*** Opening of Available records ***

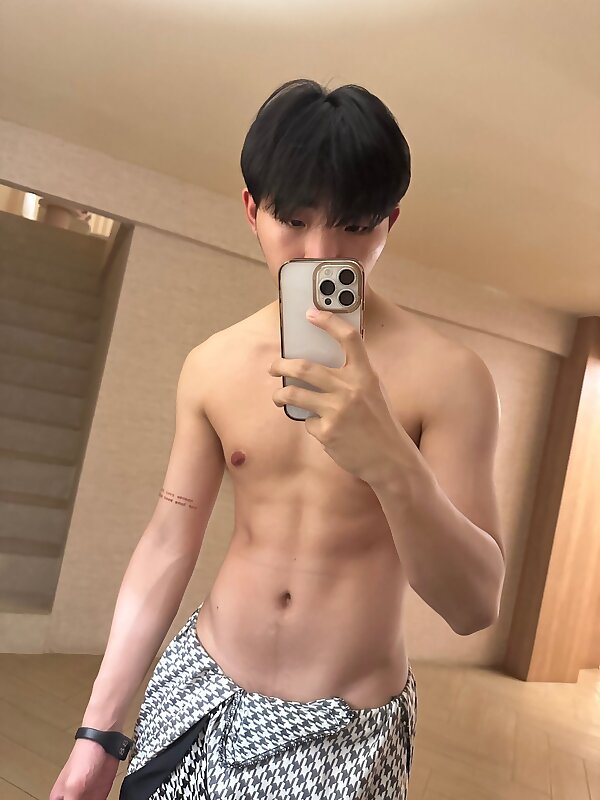 Next Image >>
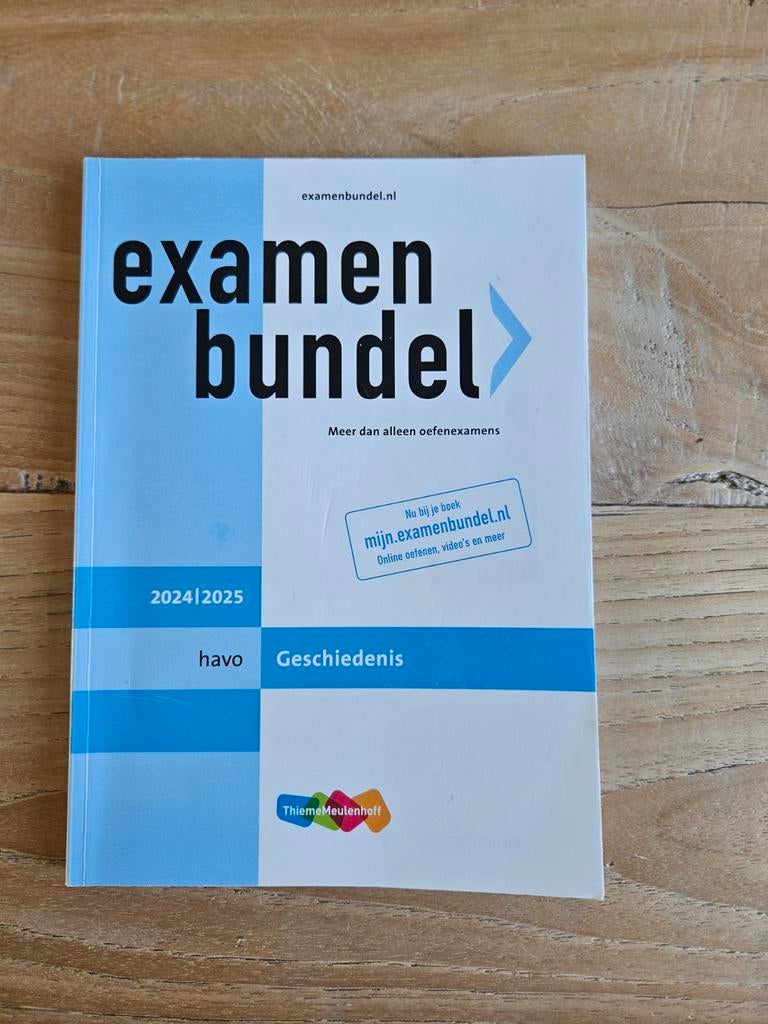 Examenbundel havo Geschiedenis 2024/2025, Boeken, Ophalen of Verzenden, Gelezen, HAVO, Geschiedenis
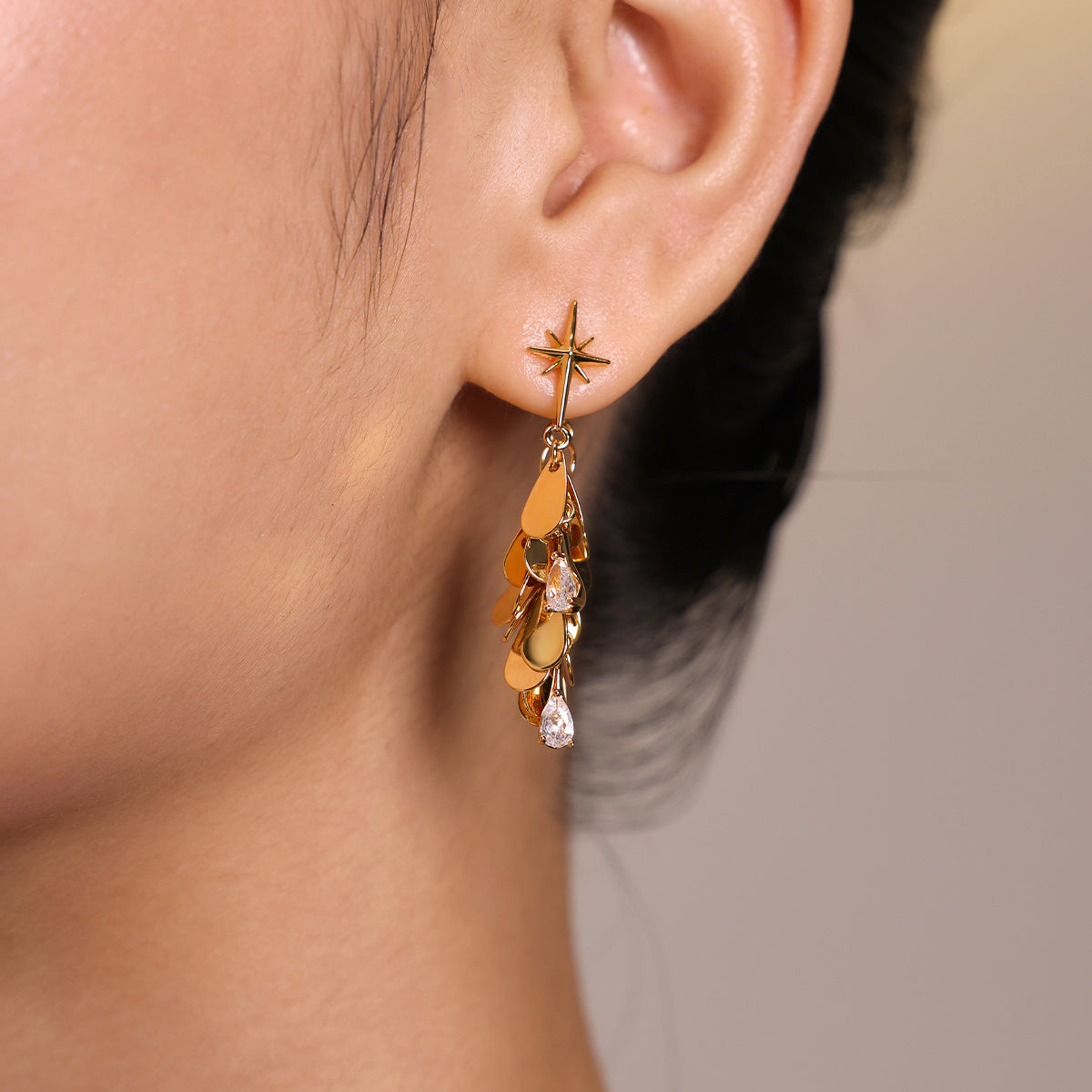 Bright stars, ears blooming - eight-pointed star tassel earrings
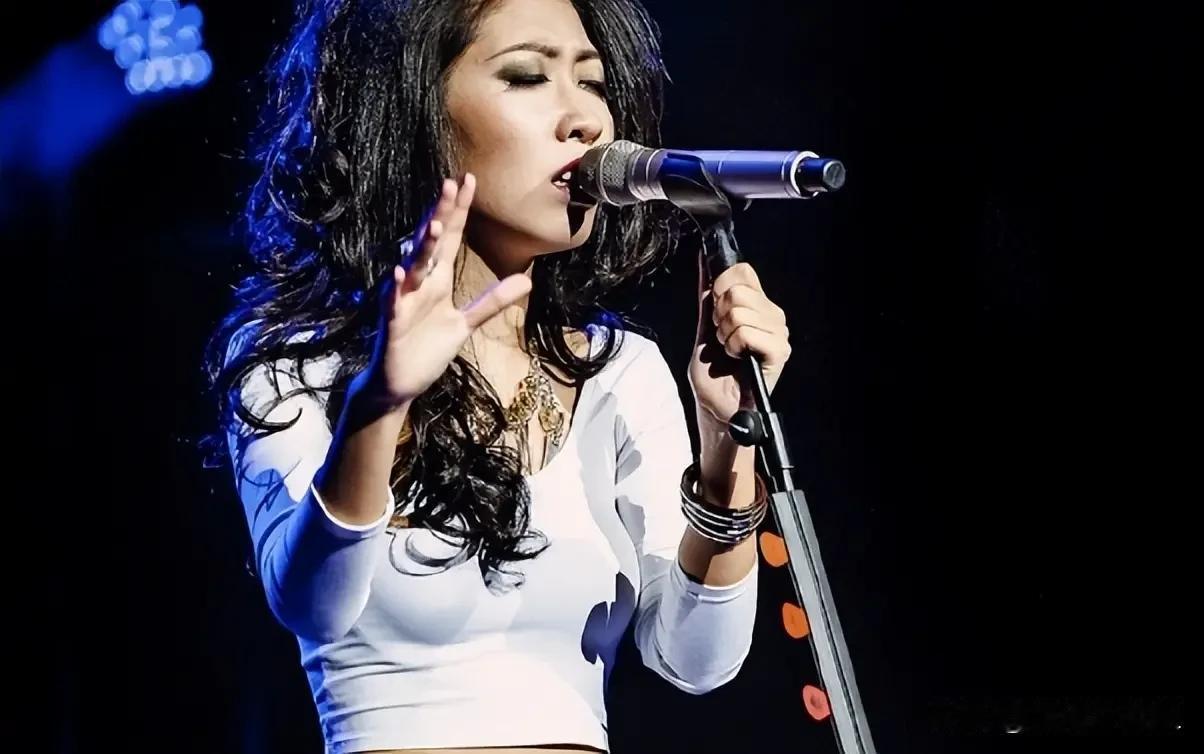 大年初五不仅开通账号发布视频
还开通了商品橱窗
尽管账号关闭了网友评论功能
粉丝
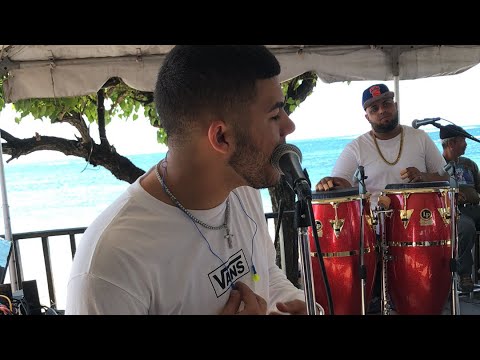 Grupo concepto adolescente desde playa dorado.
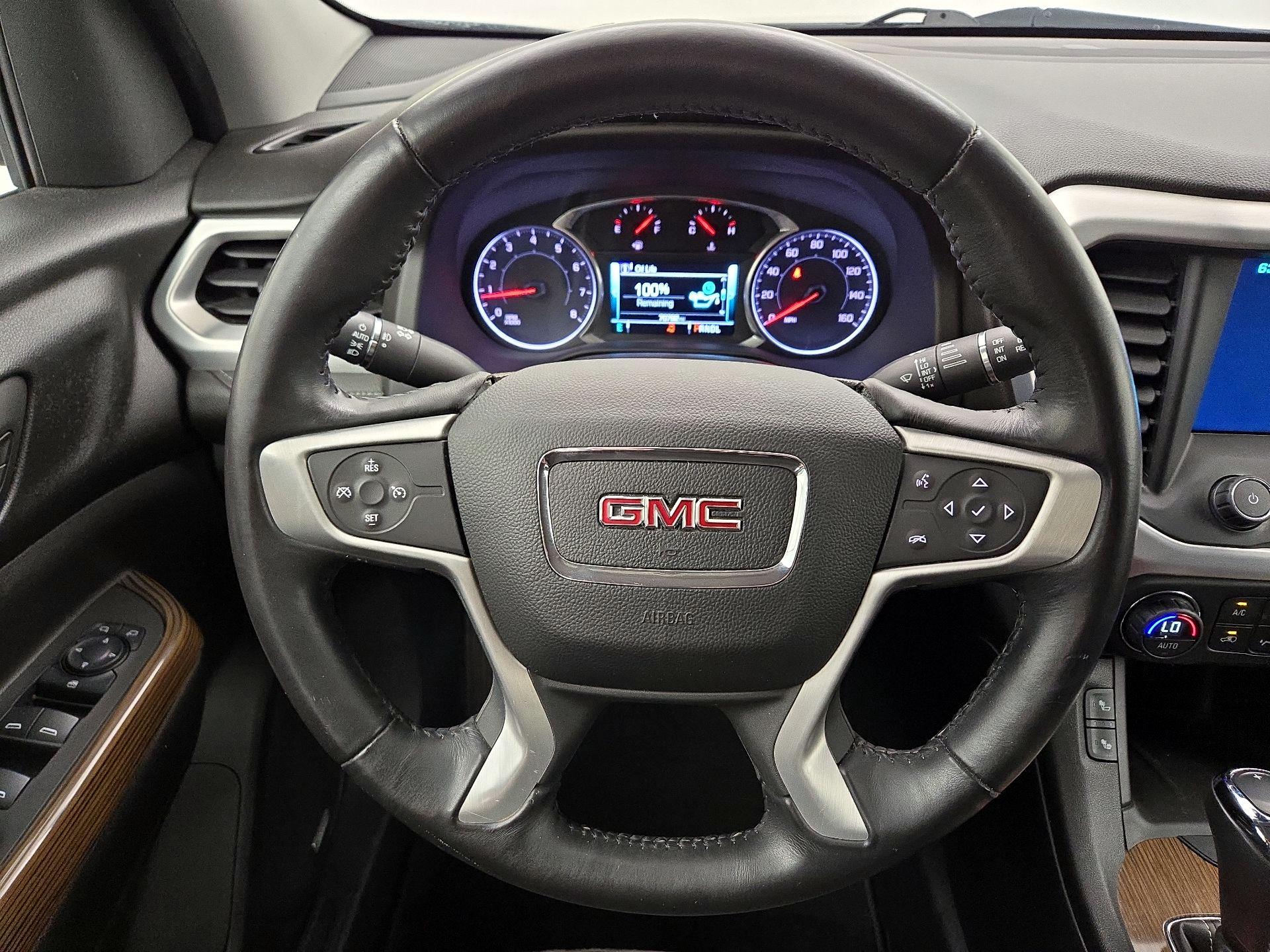 Thumbnail: 2017 GMC Acadia - 10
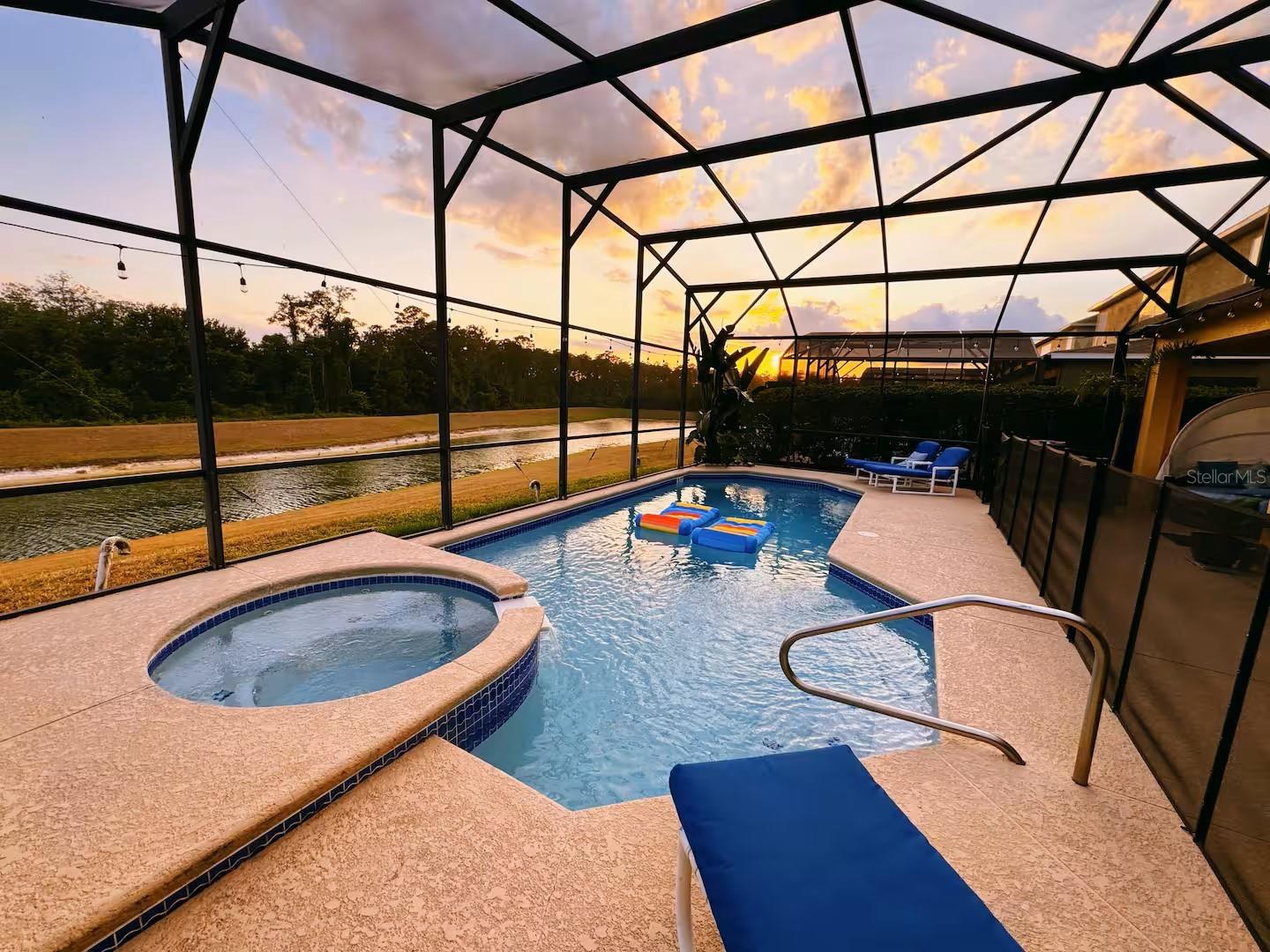 Image 32 of 53 For 8579 La Isla Drive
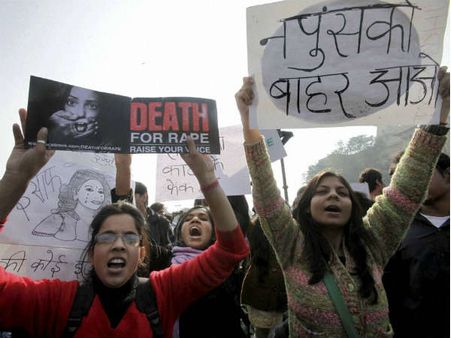 દિલ્હી ગેંગ રેપ : સરકાર ભયભીત, નવી દિલ્હીમાં કલમ 144 લાગૂ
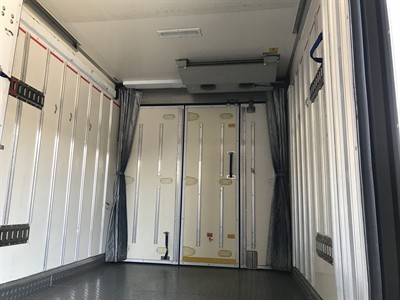 2019 Isuzu Elf - Thumbnail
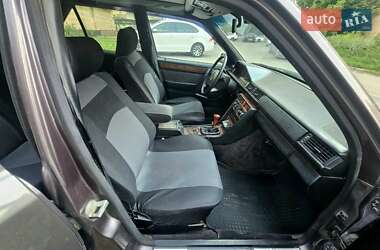Седан Mercedes-Benz E-Class 1992 в 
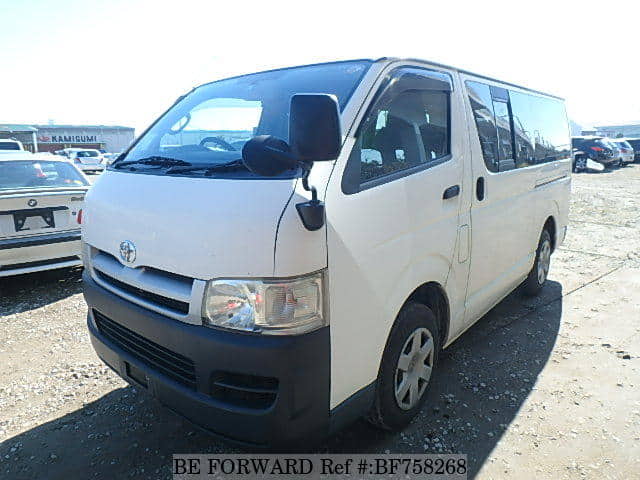 TOYOTA Regiusace Van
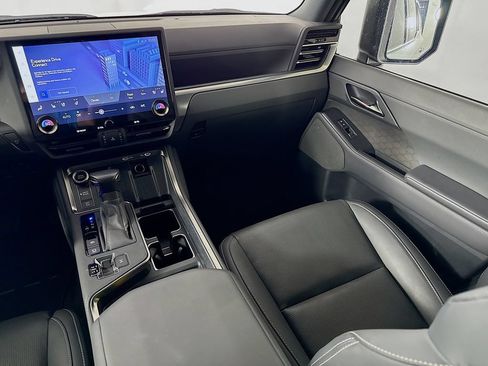 Used 2024 Lexus GX 550 w/ Accessory Package (31) AWD/4WD image 25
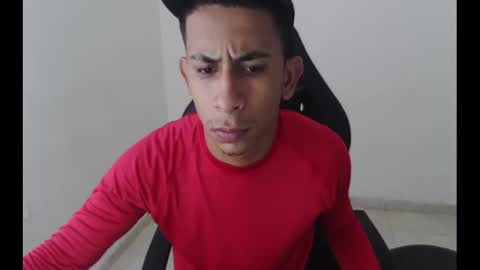 Snapshot of kings_latins chatting on April 5, 8:50 pm DOMINANT ALPHA KINGS online show from April 5, 8:50 pm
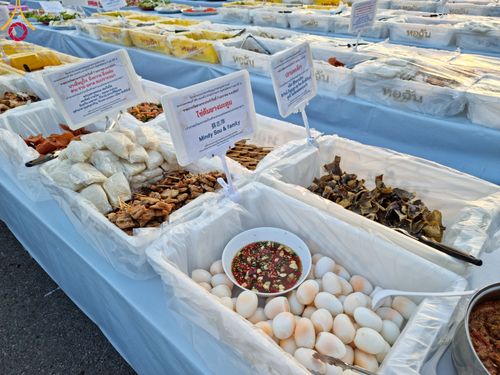 ภาพ No.108481:ถวายภัตตาหารเป็นสังฆทาน แด่คณะพระธรรมยาตราฯ ในโครงการธรรมยาตรากตัญญูบูชา มหาปูชนียาจารย์ พระมงคลเทพมุนี(สด จนฺทสโร) พระผู้ปราบมาร อนุสรณ์สถาน 7 แห่ง ปีที่ 12 วันที่ 7 มกราคม พ.ศ. 2567 ณ อนุสรณ์สถานโลตัสแลนด์ จ.สุพรรณบุรี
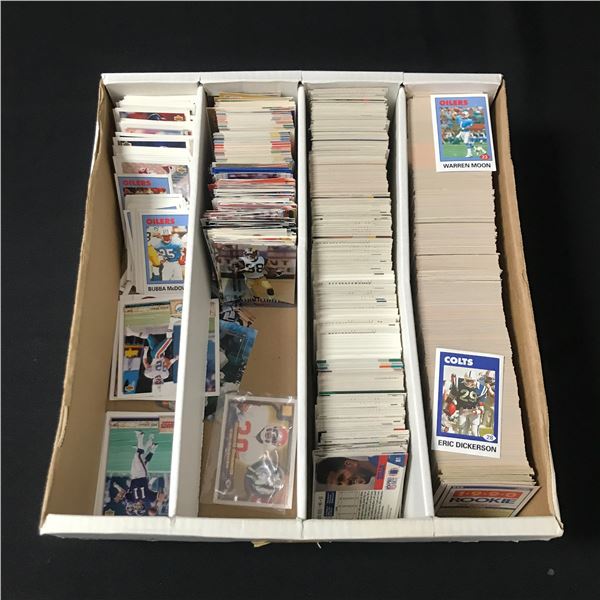 1 LARGE BOX OF MIXED TRADING CARDS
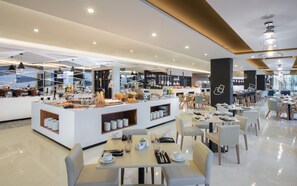 Sarapan prasmanan setiap hari (IDR 120000 per orang)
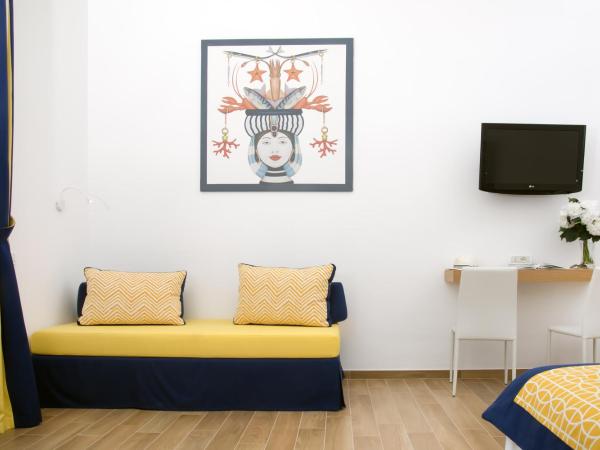 Hotel Miramare : photo 8 de la chambre chambre triple supérieure - vue sur mer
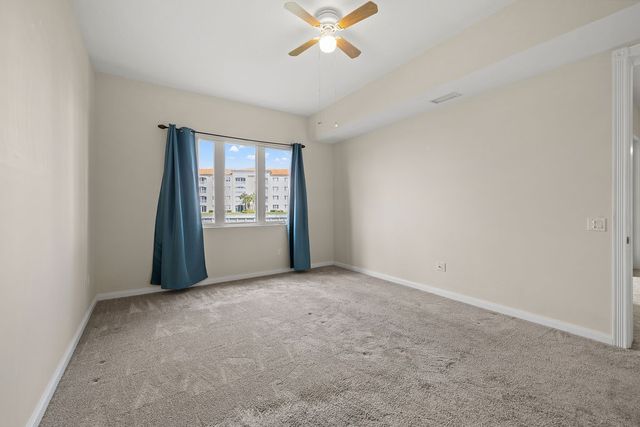 17 Harbour Isle Drive W 103, Fort Pierce, FL 34949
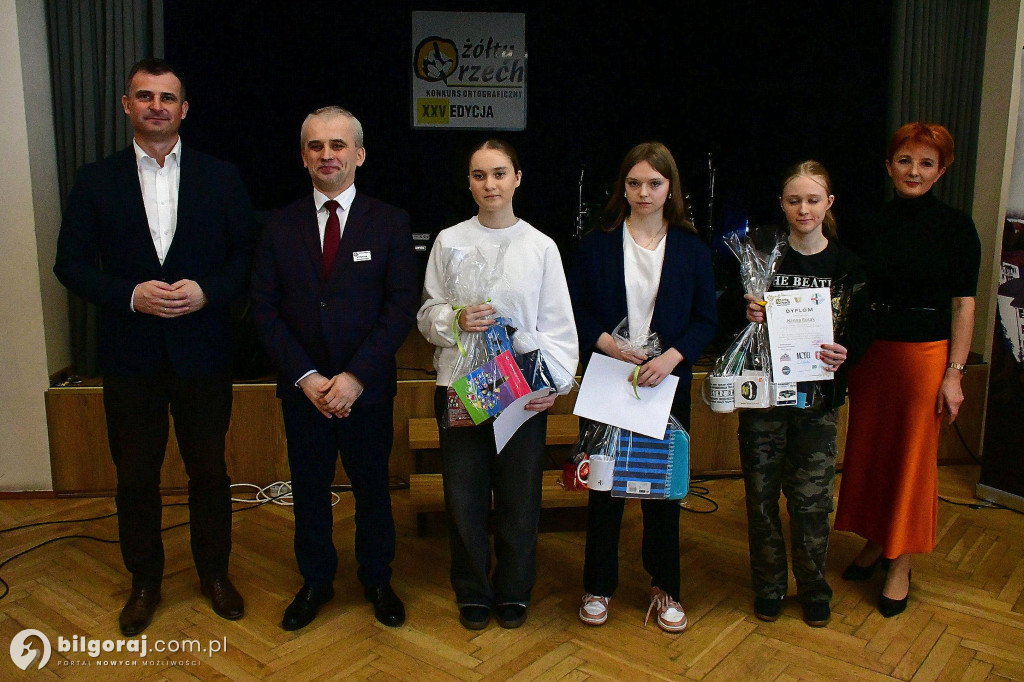 Ortograficzny „orzech” do zgryzienia. 25 lat tradycji dyktanda w RCEZ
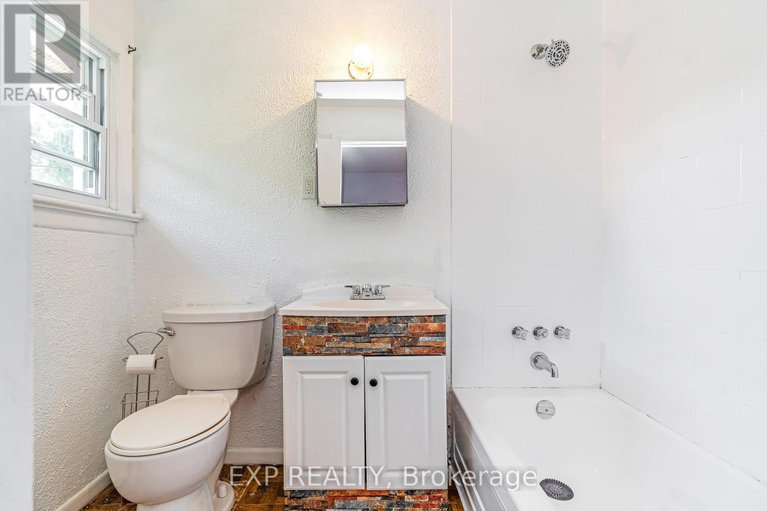28575095/829-borthwick-avenue/castle-heightsrideau-high/ottawa/ontario/K1K2M7_17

*** Close of Available records ***

Repeat all the data as it stands, dropping any images it holds.

 Next Image >>
 Examenbundel havo Geschiedenis 2024/2025, Boeken, Ophalen of Verzenden, Gelezen, HAVO, Geschiedenis
 Bright stars, ears blooming - eight-pointed star tassel earrings
 大年初五不仅开通账号发布视频
还开通了商品橱窗
尽管账号关闭了网友评论功能
粉丝
 Grupo concepto adolescente desde playa dorado.
 Thumbnail: 2017 GMC Acadia - 10
 Image 32 of 53 For 8579 La Isla Drive
 દિલ્હી ગેંગ રેપ : સરકાર ભયભીત, નવી દિલ્હીમાં કલમ 144 લાગૂ
 2019 Isuzu Elf - Thumbnail
Седан Mercedes-Benz E-Class 1992 в 
 TOYOTA Regiusace Van
 Used 2024 Lexus GX 550 w/ Accessory Package (31) AWD/4WD image 25
 Snapshot of kings_latins chatting on April 5, 8:50 pm DOMINANT ALPHA KINGS online show from April 5, 8:50 pm
 ภาพ No.108481:ถวายภัตตาหารเป็นสังฆทาน แด่คณะพระธรรมยาตราฯ ในโครงการธรรมยาตรากตัญญูบูชา มหาปูชนียาจารย์ พระมงคลเทพมุนี(สด จนฺทสโร) พระผู้ปราบมาร อนุสรณ์สถาน 7 แห่ง ปีที่ 12 วันที่ 7 มกราคม พ.ศ. 2567 ณ อนุสรณ์สถานโลตัสแลนด์ จ.สุพรรณบุรี
 1 LARGE BOX OF MIXED TRADING CARDS
 Sarapan prasmanan setiap hari (IDR 120000 per orang)
 Hotel Miramare : photo 8 de la chambre chambre triple supérieure - vue sur mer
 17 Harbour Isle Drive W 103, Fort Pierce, FL 34949
 Ortograficzny „orzech” do zgryzienia. 25 lat tradycji dyktanda w RCEZ
28575095/829-borthwick-avenue/castle-heightsrideau-high/ottawa/ontario/K1K2M7_17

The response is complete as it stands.